What Is a Pastor?
The term "pastor" is a familiar term to people in most denominations. It is usually applied to the men or women who stand before the congregation and deliver a message from the Word of God as the preacher. And in many situations, the pastor is the one who has the position of authority in the church.
The question is whether or not this practice is in accordance with the teaching of the Bible. We want to examine what the Bible teaches about pastors and their role.
There are three words in the original language of the New Testament Greek, that de-scribe this function. Depending on your translation, there are at least two English words that are used to translate each of the three Greek words.
- "Presbuteros" is translated as "elder" or "presbyter." It should be obvious that the Presbyterian Church derives its name from this in reference to its form of government. Is it clear that this refers to someone who is older in years. "Comparative of presbus (elderly); older; as noun, a senior…" [Strong's Greek Dictionary]
- "Poimen" is translated as "pastor" or "shepherd." We see the similarity between "pasture," where the sheep graze, and "pastor," describing one who cares for the sheep.
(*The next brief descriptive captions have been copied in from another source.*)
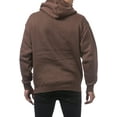 thumbnail image 2 of Pro Club Men's Heavyweight Full Zip Fleece Hoodie, 2 of 6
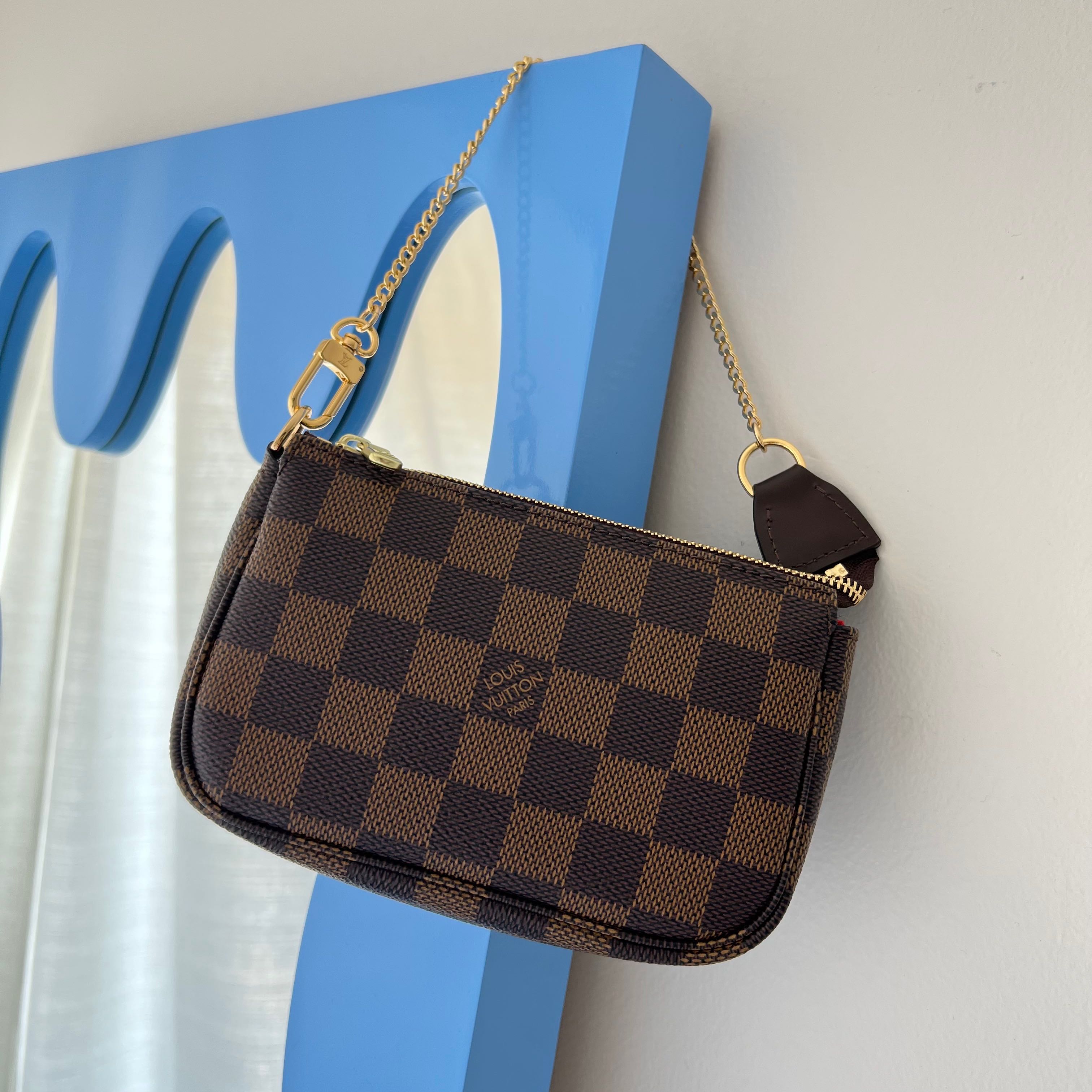 lv pochette mini ✅สินค้าพร้อมส่ง✅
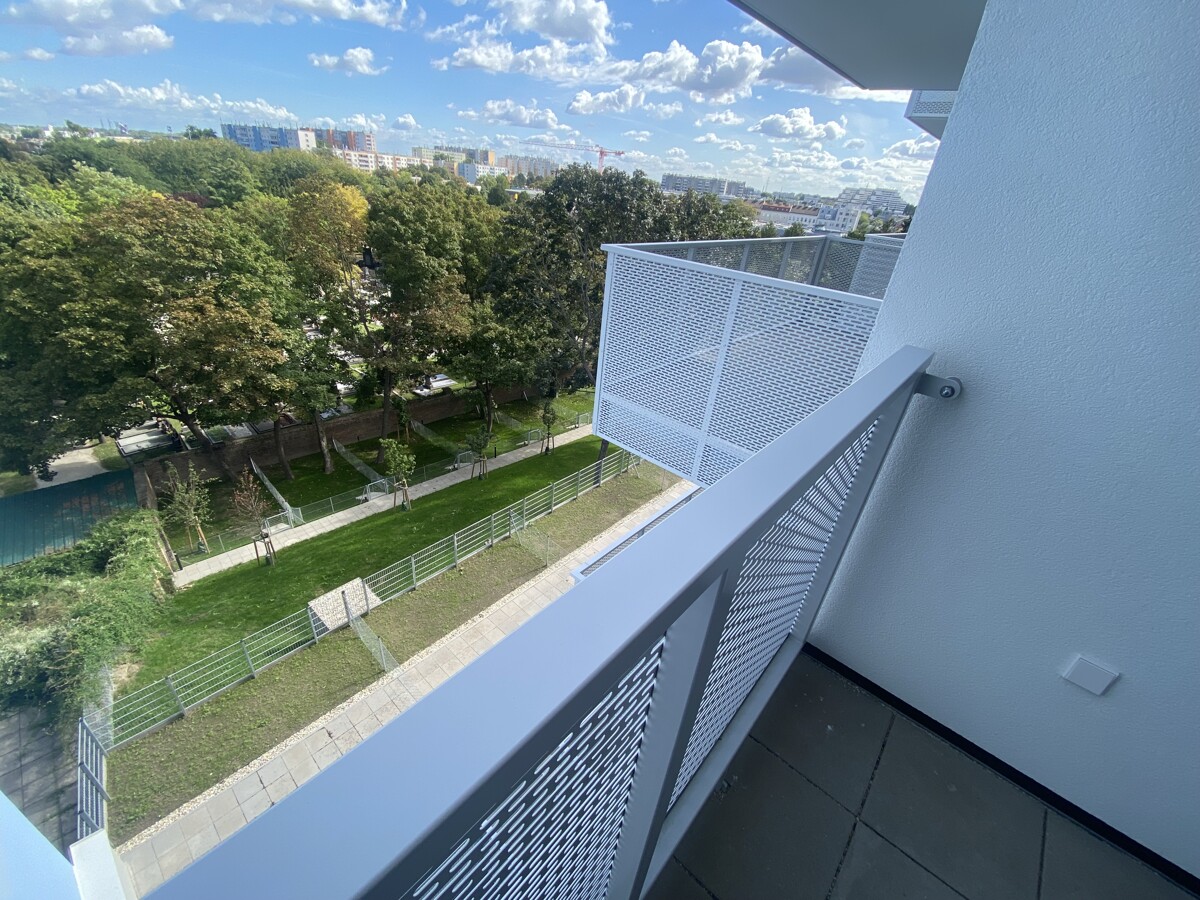 =DAS LAURENZ= ERSTBEZUG Top Loggia  Wohnung U3 2 Zimmer + Loggia - 1 bedroom apartment + loggia U3 /  / 1110 Wien / Bild 3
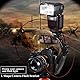 Kamera L Halterung, Blitzschuh Halterung L Einfassung Video Grip L Halterung 1/4 Zoll Stativschraube für Taschenlampe DV Camcorder 120/135 Filmkamera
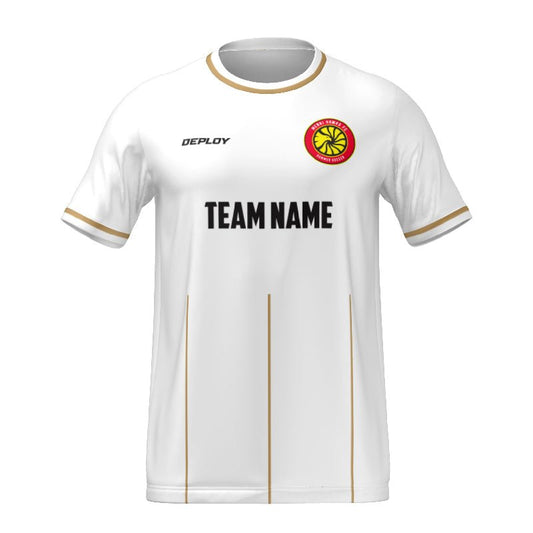 Menai Hawks Summer Soccer - Jersey - 5 Deploy Football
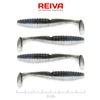 Reiva Zander Power Shad 8cm 4db/cs -Magic Fish-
Strong's definition is pretty straightforward: "a shepherd (literally or figuratively):--shepherd, pastor."
- "Episkopos" is the third term, and is translated as "overseer," or "bishop." Once again, we can see the tie between "episkopos" and the Episcopalian Church. Strong defines the word as "a superintendent, i.e. Christian officer in genitive case charge of a (or the) church (literally or figuratively):--bishop, overseer."
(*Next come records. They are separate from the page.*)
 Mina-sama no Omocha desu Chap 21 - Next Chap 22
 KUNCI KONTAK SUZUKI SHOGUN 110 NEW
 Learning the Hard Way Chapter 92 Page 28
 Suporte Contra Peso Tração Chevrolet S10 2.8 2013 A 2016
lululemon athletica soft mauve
These terms all apply to the same work or office. They just describe different aspects of the work. Presbyter or elder obviously refers to an older person, thus someone 20 or 30 years of age would not qualify. Pastor or shepherd is easily connected to the work that is to be done — caring for the flock. Then overseer or bishop refers to the leadership role, a position of authority.
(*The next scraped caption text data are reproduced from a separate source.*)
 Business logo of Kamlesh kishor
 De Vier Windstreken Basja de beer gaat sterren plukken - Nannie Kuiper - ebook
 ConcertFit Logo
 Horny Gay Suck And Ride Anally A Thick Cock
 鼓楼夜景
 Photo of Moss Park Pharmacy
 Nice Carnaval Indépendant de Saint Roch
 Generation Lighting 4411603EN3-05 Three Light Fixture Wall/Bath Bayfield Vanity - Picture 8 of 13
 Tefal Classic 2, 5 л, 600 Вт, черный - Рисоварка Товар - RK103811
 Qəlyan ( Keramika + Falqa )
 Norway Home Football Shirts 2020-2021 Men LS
In looking at various scriptures, we can see that these three terms all refer to the same person. In Acts 20:17, we find Paul summoning certain men to come to Miletus so he could spend some time with them. "From Miletus he sent to Ephesus and called to him the elders of the church." In his charge to them, he gives this admonition: "Be on guard for yourselves and for all the flock, among which the Holy Spirit has made you over-seers, to shepherd the church of God which He purchased with His own blood" (Acts 20:28). Thus all three Greek words are applied to the same men.
Another example is found in I Peter 5:1-3: "Therefore, I exhort the elders among you, as your fellow elder and witness of the sufferings of Christ, and a partaker also of the glory that is to be revealed, shepherd the flock of God among you, exercising oversight not under compulsion, but voluntarily, according to the will of God; and not for sordid gain, but with eagerness; nor yet as lording it over those allotted to your charge, but proving to be examples to the flock." In this passage, Peter uses all three Greek terms, one as a noun, and two in the verb form.
Question: Are the terms "pastor" and "preacher" synonymous?
We run into a problem when we consider the qualifications that are given for the pastors or elders.
Consider a few of the qualifications cited in I Timothy 3:1-6: "It is a trustworthy state-ment: if any man aspires to the office of overseer, it is a fine work he desires to do. An overseer, then, must be above reproach, the husband of one wife, temperate, prudent, respectable, hospitable, able to teach. Not addicted to wine or pugnacious, but gentle, peaceable, free from the love of money. He must be one who manages his own household well, keeping his children under control with all dignity (but if a man does not know how to manage his own household, how will he take care of the church of God?, and not a new convert, so that he will not become conceited and fall into the condemnation incurred by the devil."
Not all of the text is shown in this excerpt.